Throughout the program, the teachers worked side-by-side with Arkema employees who are scientifically trained. They spent much of their time exploring science kits that are designed to spark students’ interest. The kits, provided by Arkema, meet national science education standards and supply teachers with eight weeks of curriculum to make learning enjoyable and to make scientific applications relatable to daily life. The kits offer lessons on topics such as alternate forms of energy, land formations, soil properties, weather observation and wiring circuits for lightbulbs.
“The Science Teachers Program gives me new insight and ideas on how to build a strong STEM foundation for my students,” said Andria Miller. “It’s really great to have this time to focus solely on science education with Arkema experts who are applying their knowledge to everyday life.”
A study by the Pew Research Center found that more than 50 percent of Americans believe young students steer away from STEM because the classes are too difficult. Arkema’s Science Teachers Program counteracts that perception by providing teachers with tools to make science more interesting and accessible to students.
With a STEM background, young people have a better chance of career success. The U.S. Bureau of Labor Statistics (BLS) reported that 93 out of 100 STEM jobs have wages higher than the national average. BLS research also shows that STEM employment is growing at twice the rate of non-STEM occupations.
“We hope that the Science Teachers Program helps educators inspire their students to learn and love science,” said Jeff Hall, plant manager at Arkema’s Calvert City site. “Many jobs of today and tomorrow are in technology and science, so it’s crucial that our students are prepared for the future. We’re pleased that these teachers have chosen to team up with us, and we’re honored to have the opportunity to contribute to their curriculum and to their students’ success.”
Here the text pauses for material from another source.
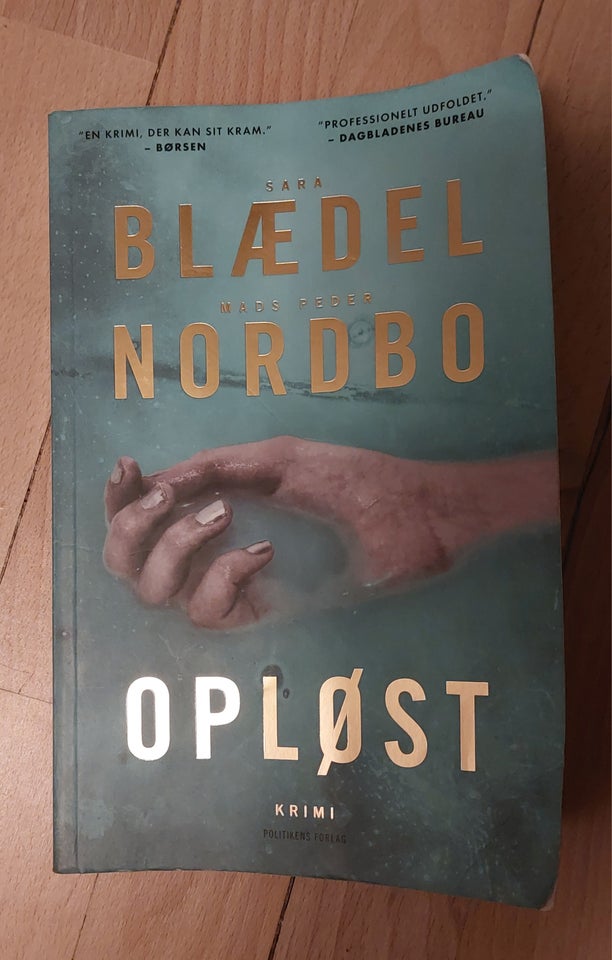 Opløst, Sara Blædel  Mads Nordbo,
Since 1996, the Arkema Science Teachers Program has benefitted hundreds of teachers and thousands of students across the United States. In addition to this program, many Arkema sites support local education by offering internship opportunities, funding scholarships, hosting students at Arkema plants, or sending scientists and engineers to speak at local schools. These efforts are part of Arkema’s Common Ground® program, which focuses on building relationships based on mutual knowledge and trust within the communities in which Arkema operates.